How to complete this task →
No pictures belong in the answer. Repeat all the entries exactly.

[Image-caption web data]
►
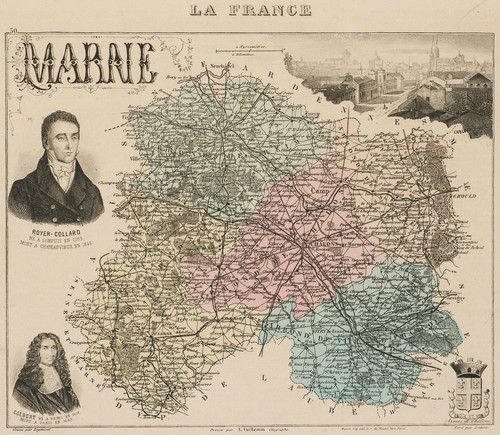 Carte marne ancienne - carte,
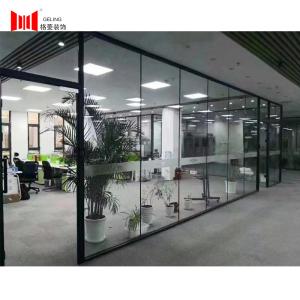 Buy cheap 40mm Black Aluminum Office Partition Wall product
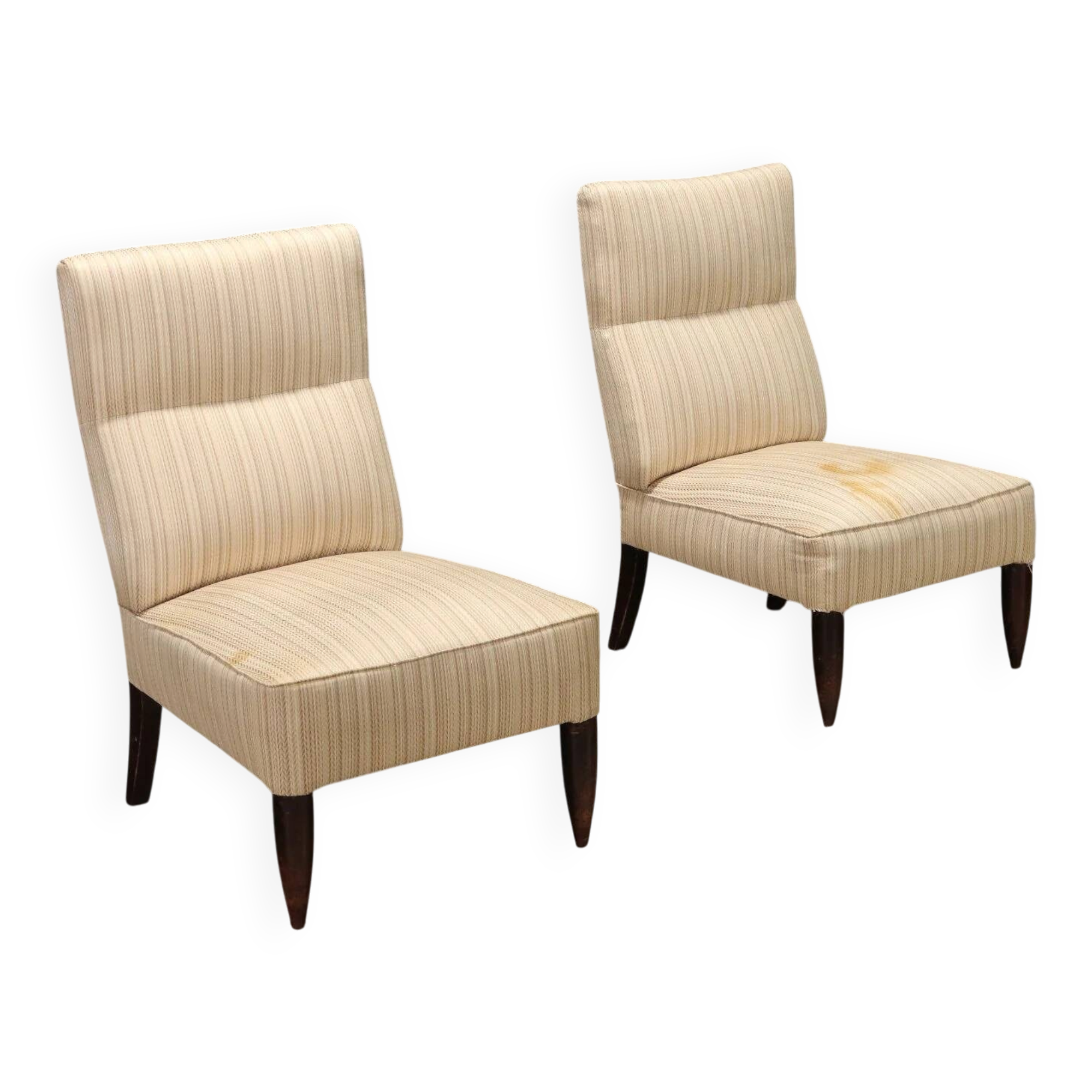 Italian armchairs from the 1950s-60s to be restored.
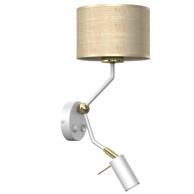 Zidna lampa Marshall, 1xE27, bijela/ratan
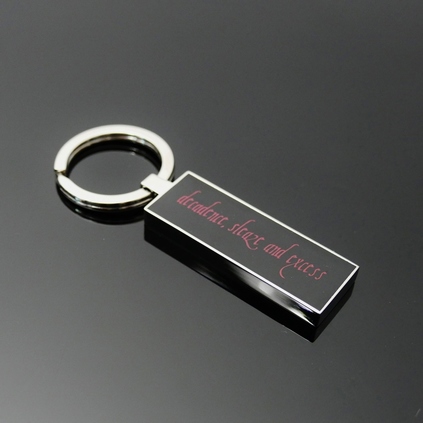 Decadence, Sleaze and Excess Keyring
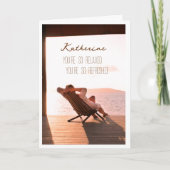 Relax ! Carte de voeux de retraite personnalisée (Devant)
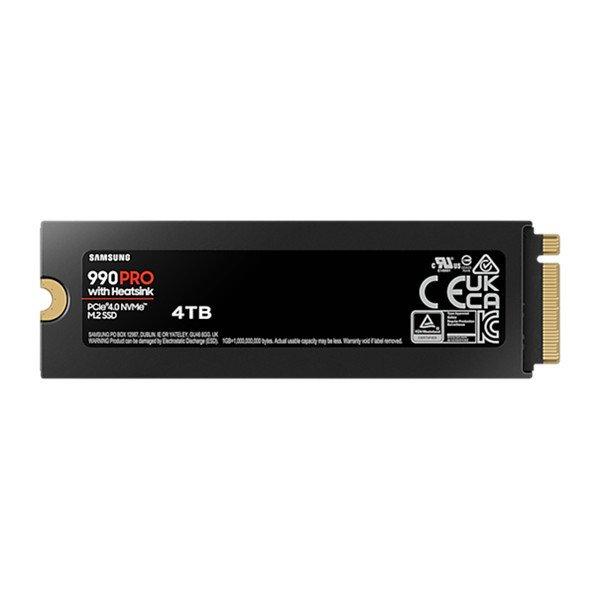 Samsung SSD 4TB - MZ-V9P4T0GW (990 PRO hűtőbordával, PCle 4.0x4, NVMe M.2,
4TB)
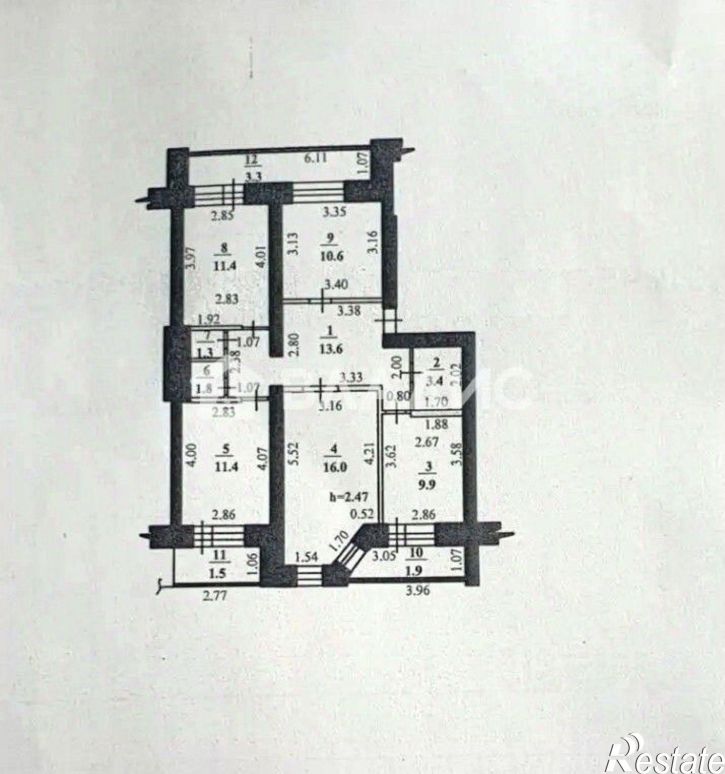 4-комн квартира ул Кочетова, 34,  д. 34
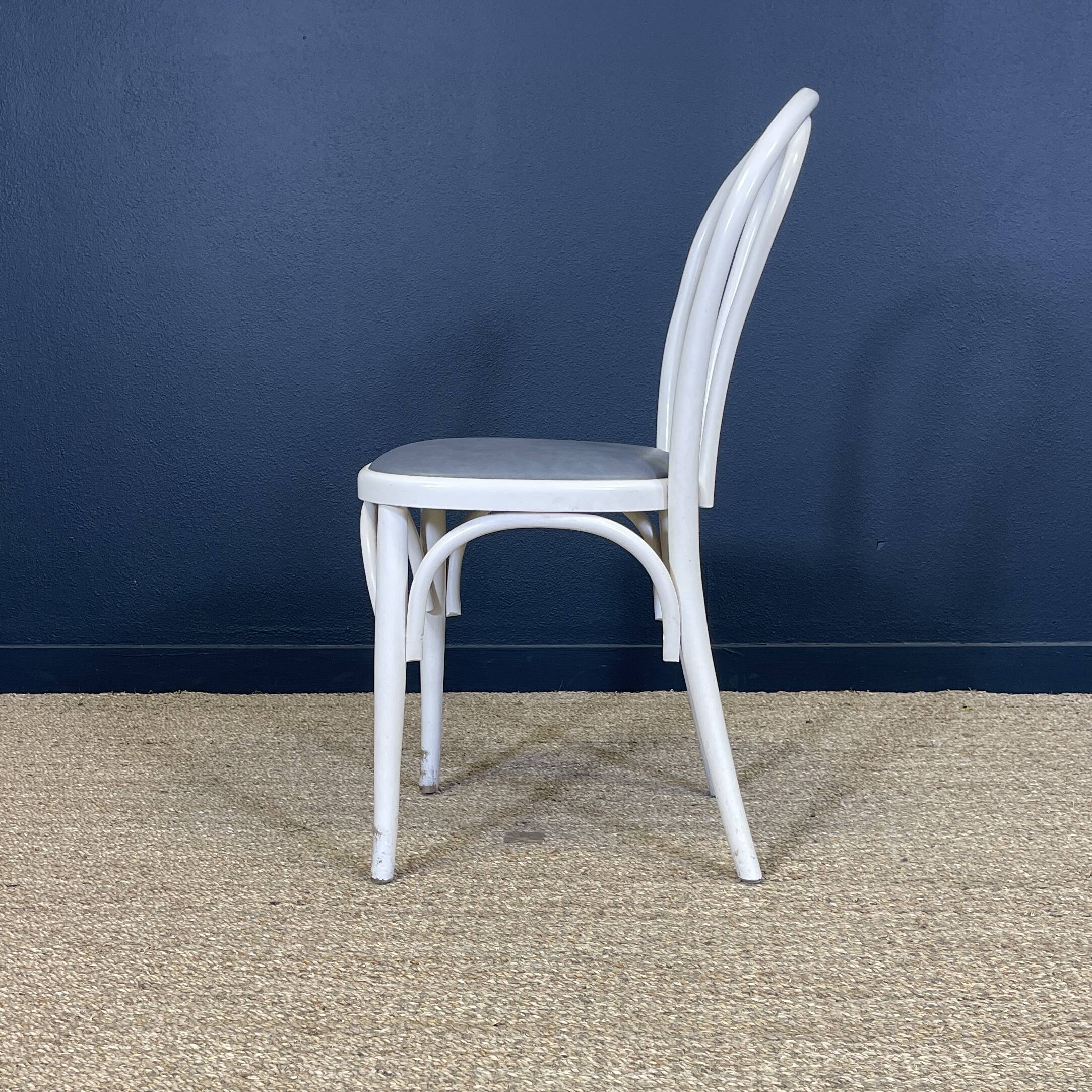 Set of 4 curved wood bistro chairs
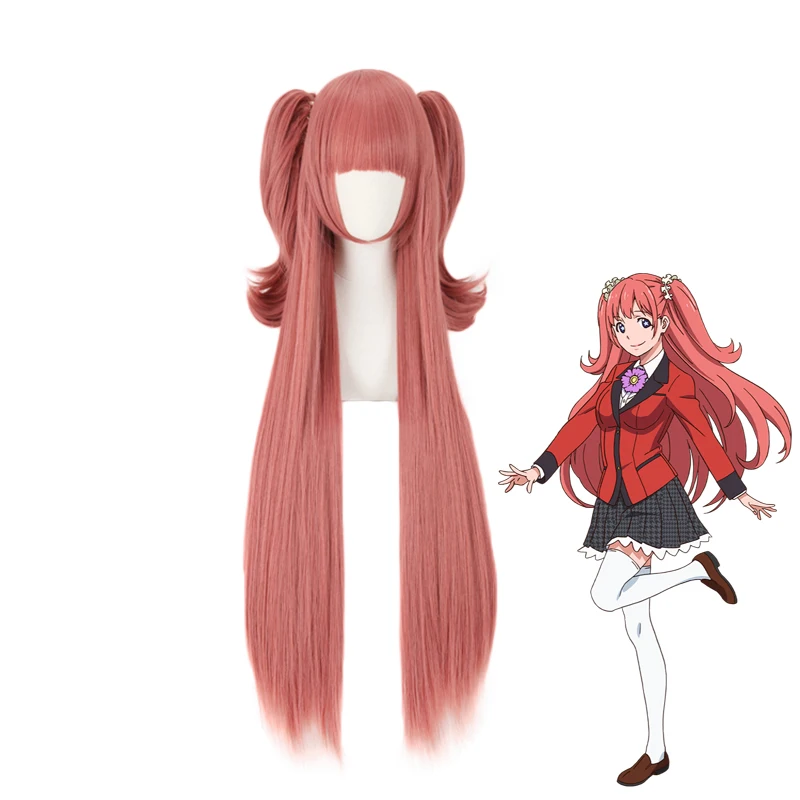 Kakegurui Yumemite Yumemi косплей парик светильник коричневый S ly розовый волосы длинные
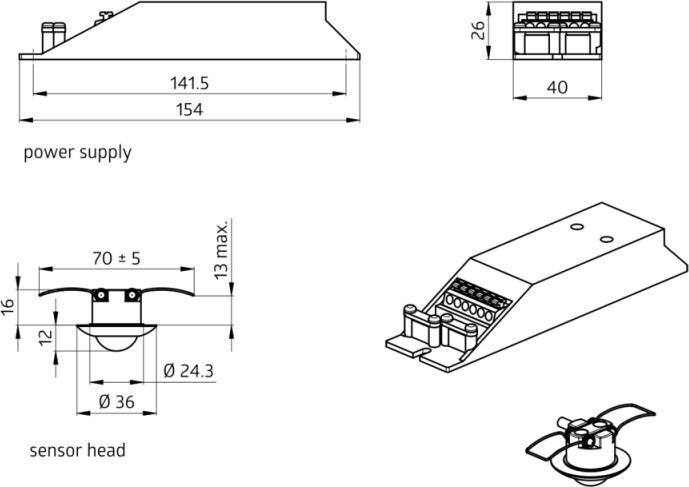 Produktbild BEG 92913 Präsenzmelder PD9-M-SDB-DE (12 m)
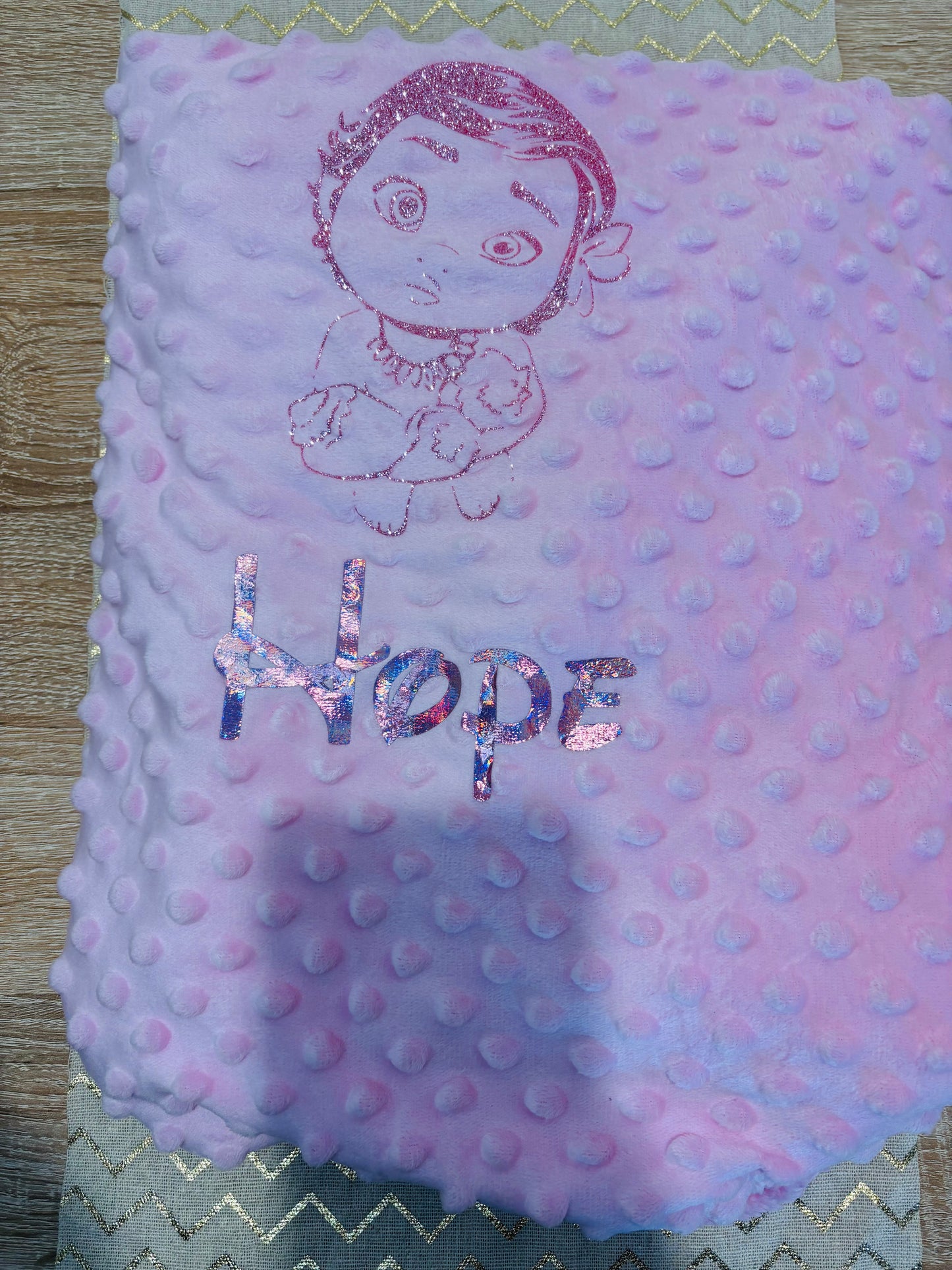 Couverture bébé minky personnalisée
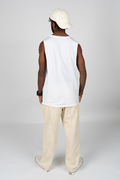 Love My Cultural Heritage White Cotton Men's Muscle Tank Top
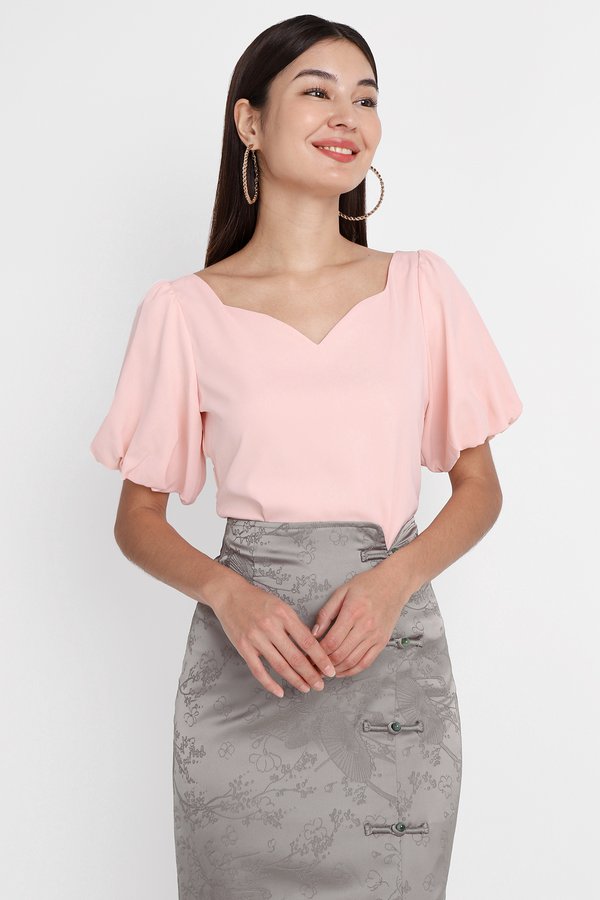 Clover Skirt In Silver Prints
◄
Written solution →
 Carte marne ancienne - carte,
 Buy cheap 40mm Black Aluminum Office Partition Wall product
 Italian armchairs from the 1950s-60s to be restored.
 Zidna lampa Marshall, 1xE27, bijela/ratan
 Decadence, Sleaze and Excess Keyring
 Relax ! Carte de voeux de retraite personnalisée (Devant)
 Samsung SSD 4TB - MZ-V9P4T0GW (990 PRO hűtőbordával, PCle 4.0x4, NVMe M.2,
4TB)
 4-комн квартира ул Кочетова, 34,  д. 34
 Set of 4 curved wood bistro chairs
 Kakegurui Yumemite Yumemi косплей парик светильник коричневый S ly розовый волосы длинные
 Produktbild BEG 92913 Präsenzmelder PD9-M-SDB-DE (12 m)
 Couverture bébé minky personnalisée
 Love My Cultural Heritage White Cotton Men's Muscle Tank Top
 Clover Skirt In Silver Prints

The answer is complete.